Crucially, can it be made safe enough to be insurable? They have insurance now, and expect that to be paid out for the full value of $60 million.

“The big issue, which doesn’t really seem to be being talked about, is what’s going to happen with insurance?” James says. “We’ve seen this a lot in Queensland over the last few years. Many hospitality and tourism operators are unable to get insurance (due to flooding and cyclones). Or, if they can get insurance, it’s having to be syndicated out of London out of Lloyds, and it’s unbelievably expensive.

“We had to walk away from an island acquisition in Queensland recently because the insurance was going to be over $2m a year. This is going to be an incredible issue moving forwards. Not just Kangaroo Island and South Australia – all of these places which are bushfire prone. You can’t afford to be spending one or two million dollars a year on insurance.”

And there’s no way he would rebuild without it. “Why would you go and spend $40-$50-$60m rebuilding something like Southern Ocean Lodge only to be able to lose it again?”

At the moment, he is hopeful. “It’s our intention to move ahead very, very quickly and start planning, rebuilding, recreating, and delivering Southern Ocean Lodge as an icon for South Australia,” he says. “That said, if we can’t place insurance … what if we are uninsurable?”

He flags a role for the State Government. “For something like Southern Ocean Lodge to rise from the ashes, how is that going to work? Is the SA Government going to back these iconic assets coming back? Is that part of the recovery plan?

“And what’s going to change in terms of bushfire management practices? Because the pendulum has to swing. The ability to do cool winter burns, have fire breaks, none of that is possible … it’s so complex under existing legislation.”

More broadly, though, national leadership and an international campaign to assure the world that Australia is not on fire and is taking climate change seriously, is crucial. “We need some national leadership we’re clearly not seeing,” Hayley says.

That Friday night, the CFS took the six from Southern Ocean Lodge to a safe area of well-burned ground and waited.

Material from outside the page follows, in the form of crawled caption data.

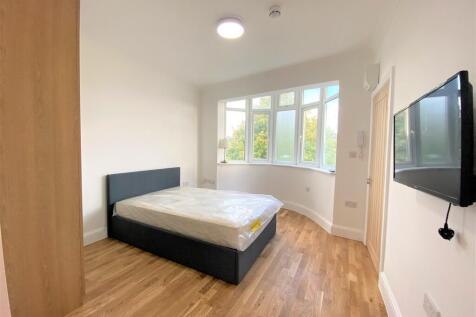 Antrobus Road, Chiswick, London photo 3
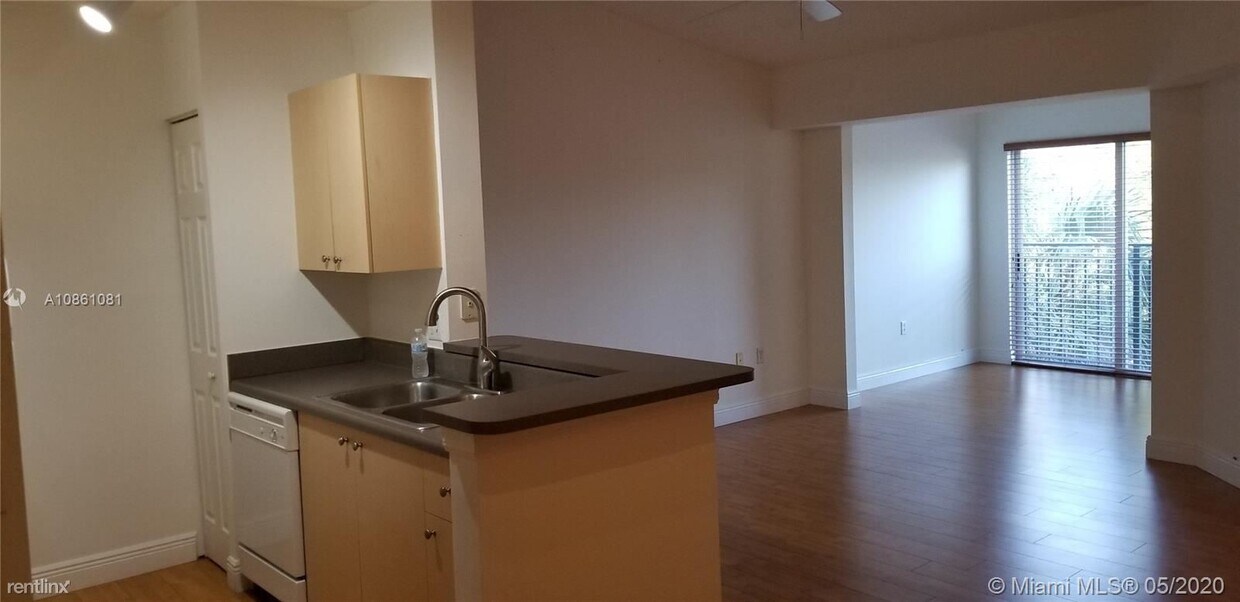 Primary Photo - 1 br, 1 bath Condo - 12280 Miramar Blvd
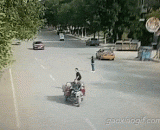 这司机是故意的吧 - Is this driver on purpose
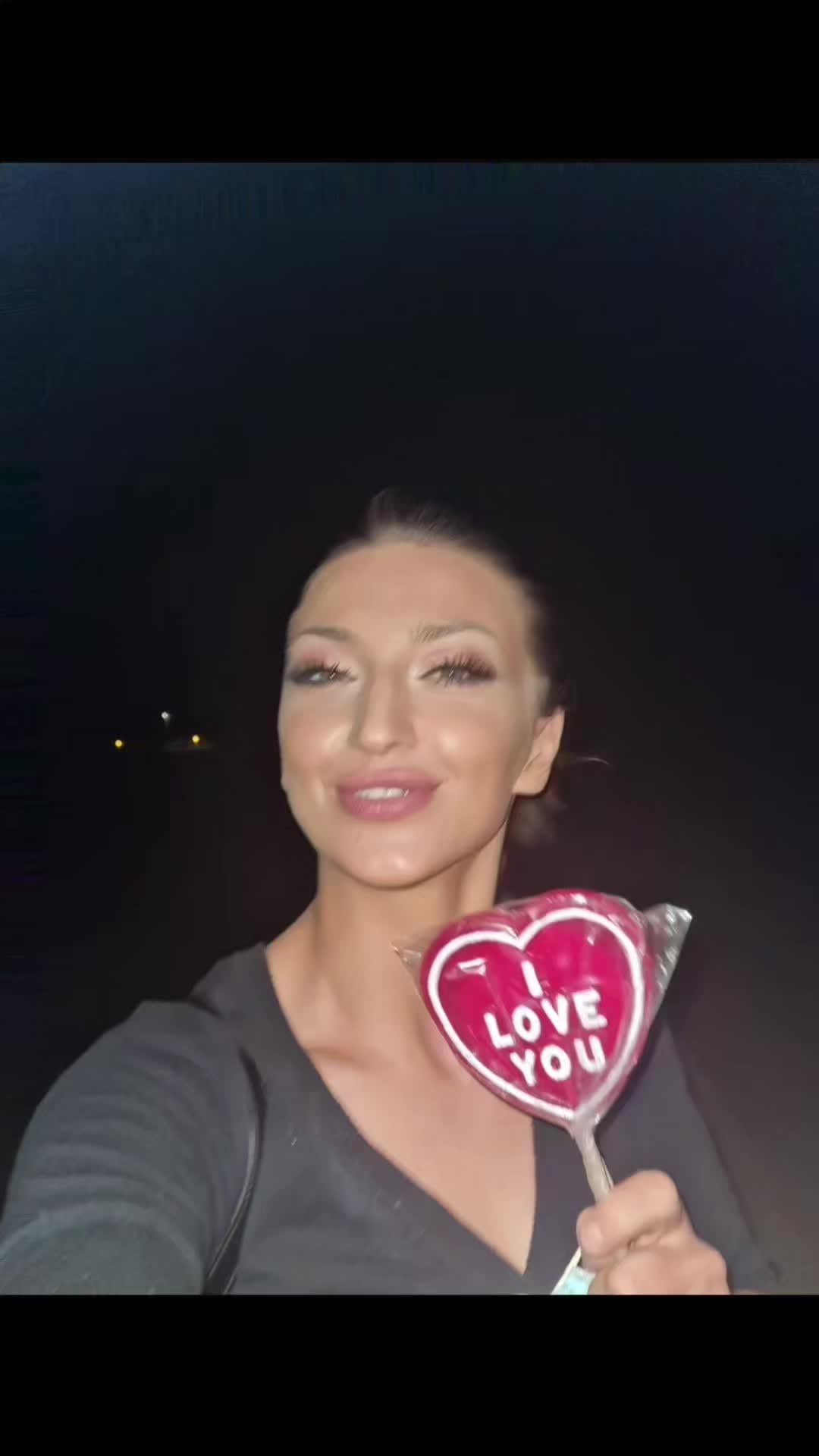 @Roxana Bilea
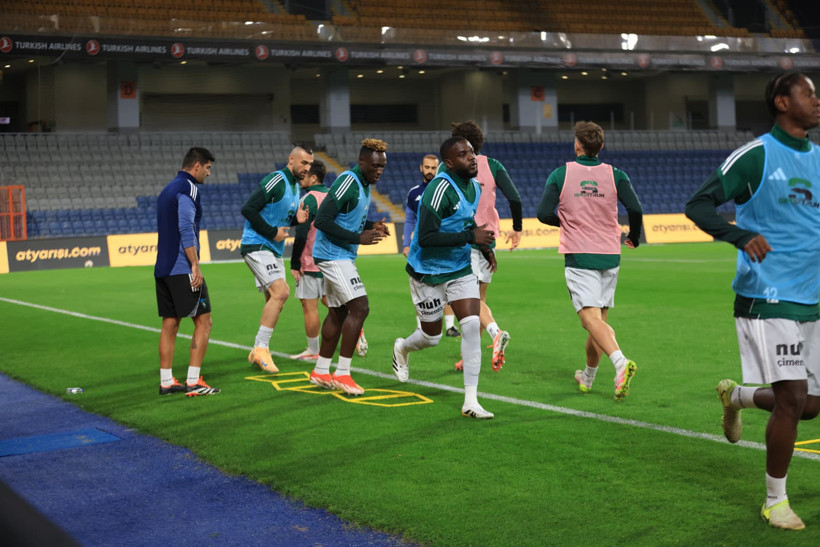 Başakşehir – Kocaelispor: 1-0 (MAÇ SONUCU) - Resim : 30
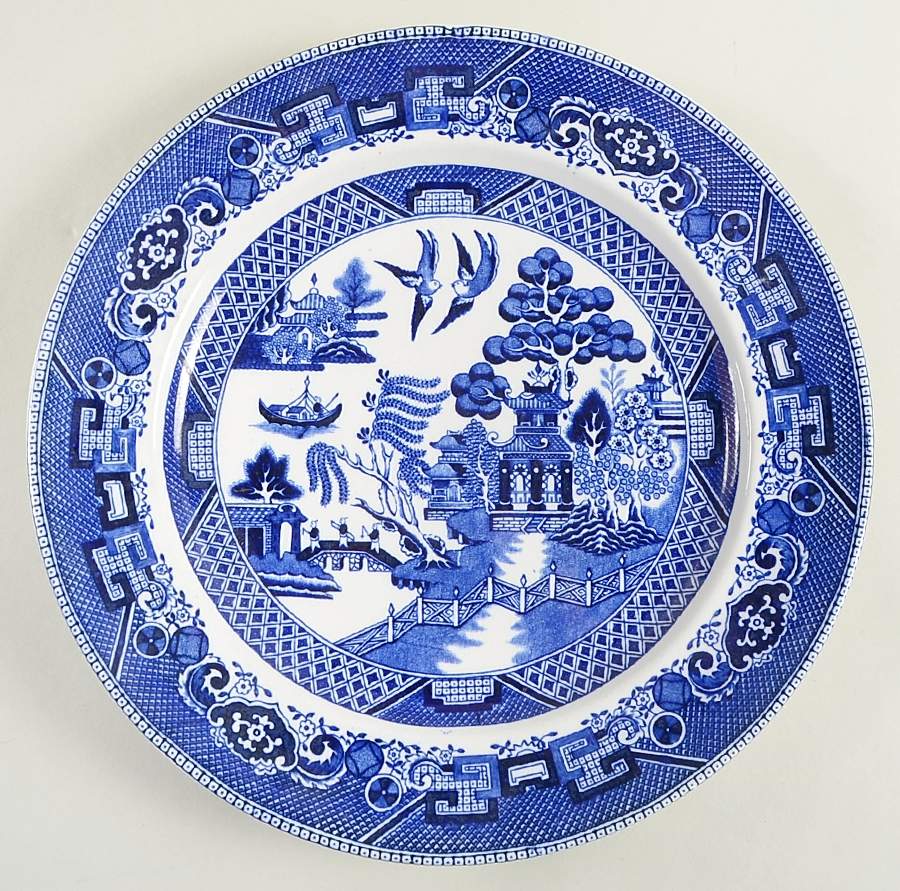 Blue Willow (Non Restaurant, No Trim) Dinner Plate by Buffalo Pottery-1
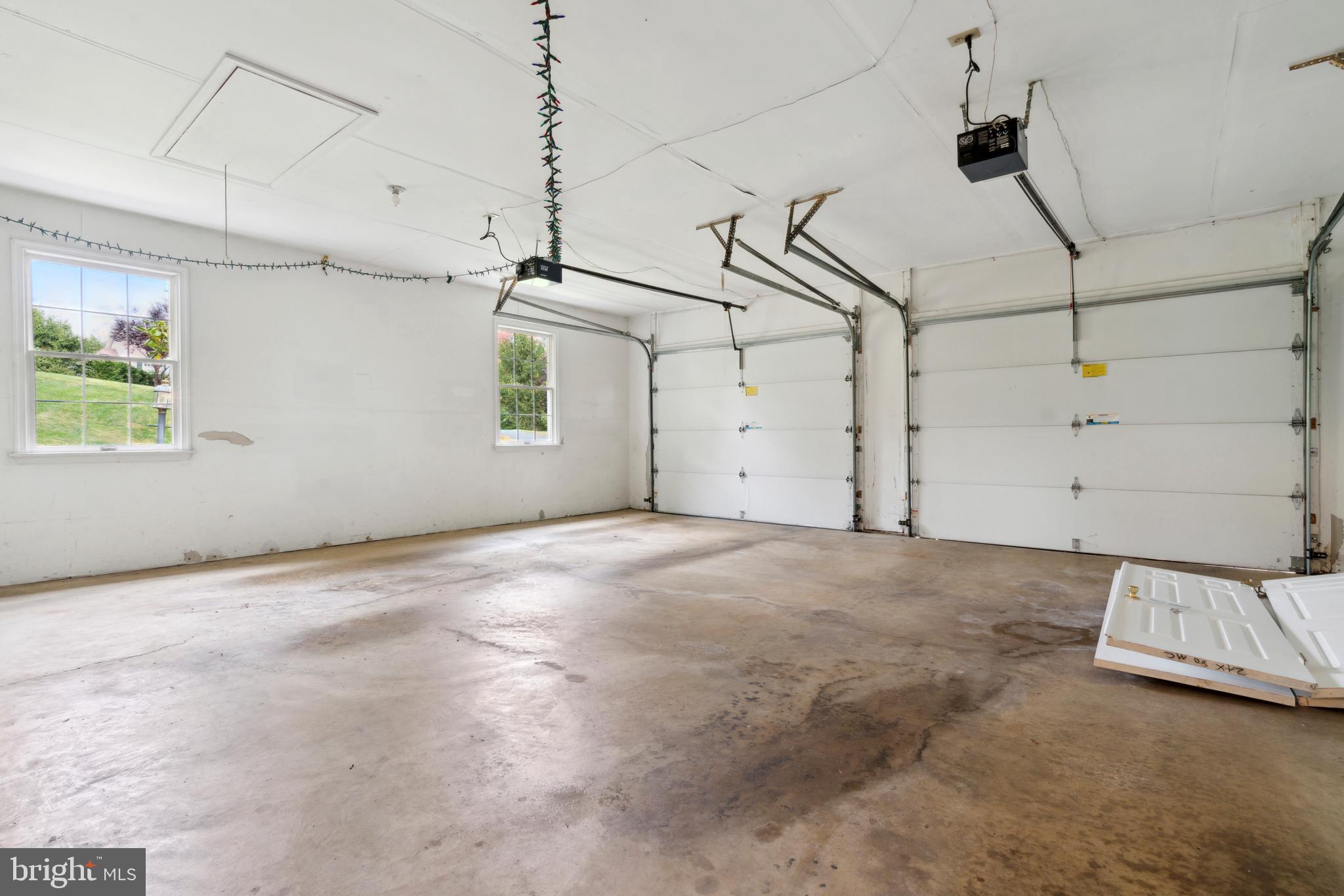 146 Poplar Road Newtown Square, PA 19073 - Photo 31 of 34 Garage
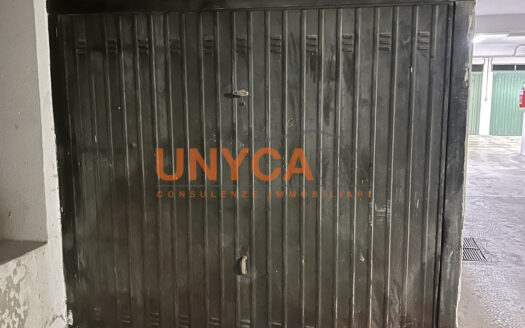 SAN MICHELE EXTRA garage in vendita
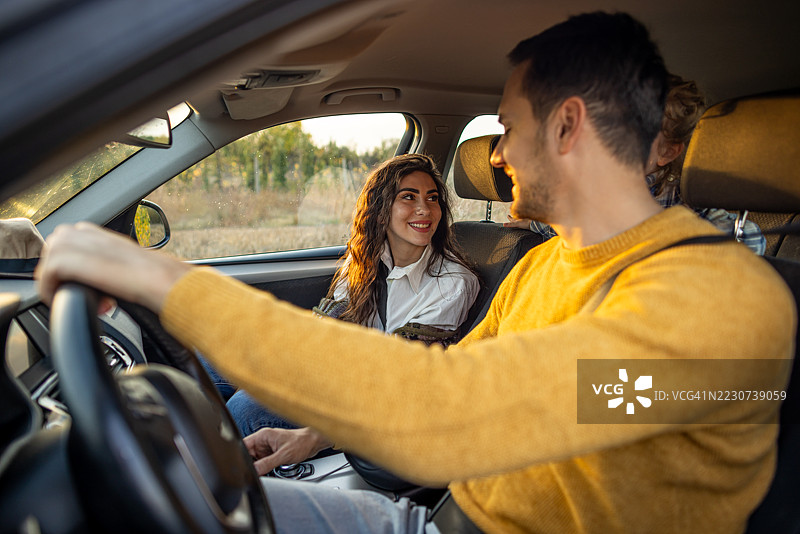 快乐的家庭正在进行公路旅行图片素材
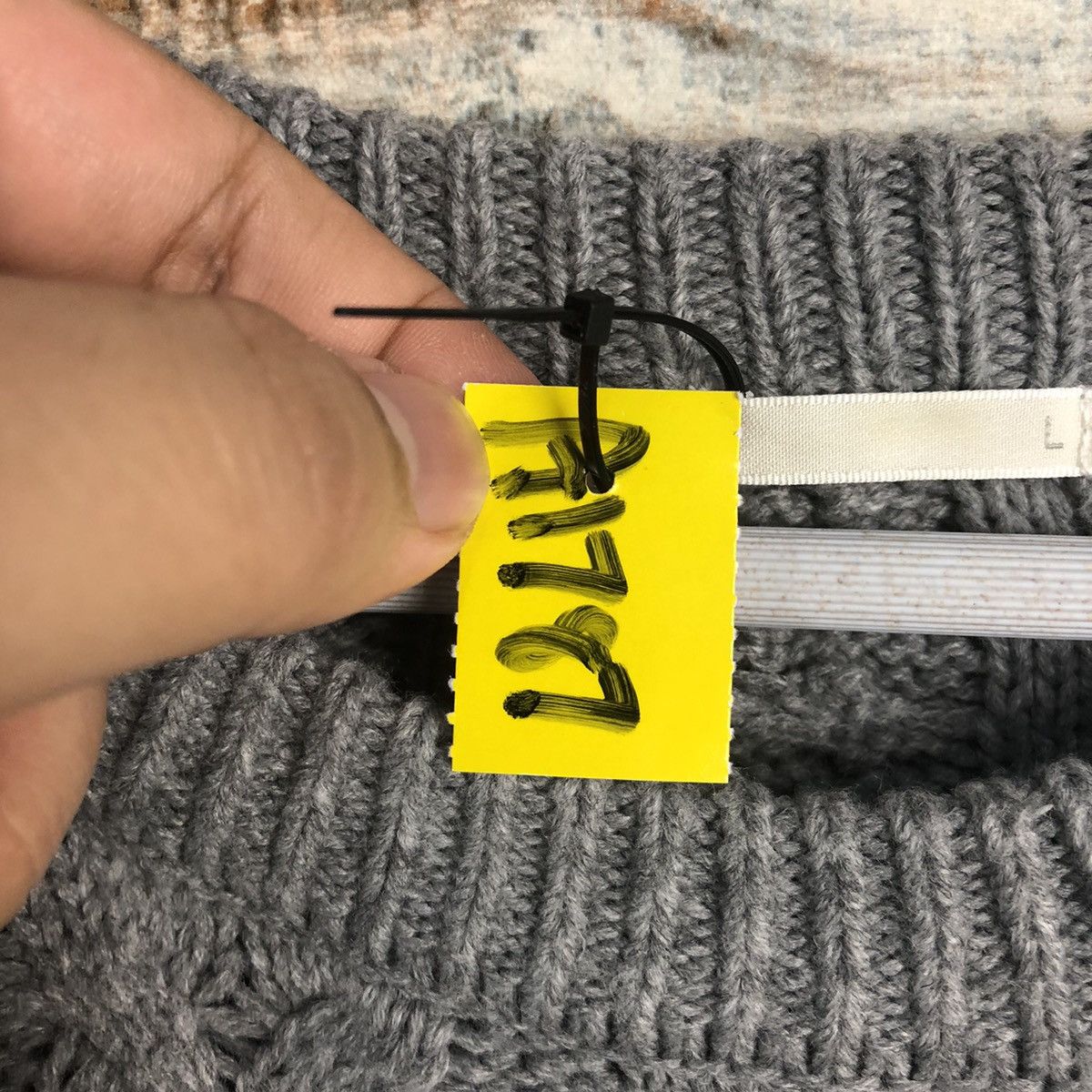 GU × Homespun Knitwear GU japan Grey cable Knitwear #A1787 Size L / US 10 / IT 46 - 10 Thumbnail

Fires were raging across the island. So many people that day had lost their homes, their possessions, their life’s work. The destruction of the lodge was just one element of an ongoing disaster not only on KI but across the southeast of Australia.

Peter Davis, the honey man who’d dropped in to help Hird, later in the day watched his son’s home burn to the ground. Other tourism neighbours of the lodge lost everything. Farmers, foresters, homeowners, were all counting the cost of the inferno that crisscrossed their island like a hellish Pac-Man.

At the safe spot, Hird privately had a little cry: “You’re watching eight years of your life go up in smoke, and you’ve got the responsibility of 50 employees to tell them they don’t have a job anymore. And some have no possessions. And their cars burned. All horrible things.”

He and Heath will stay to help the Baillies rebuild. And Heath is relieved her main fear that day did not eventuate – that Hird’s heart, after the operation, might not cope.

“My heart rate is not supposed to go over 120 bpm in the first three months and I was clocking 150,” Hird admits. “But I took my tablets, I didn’t have a heart attack. I knew it was going to be a long day.”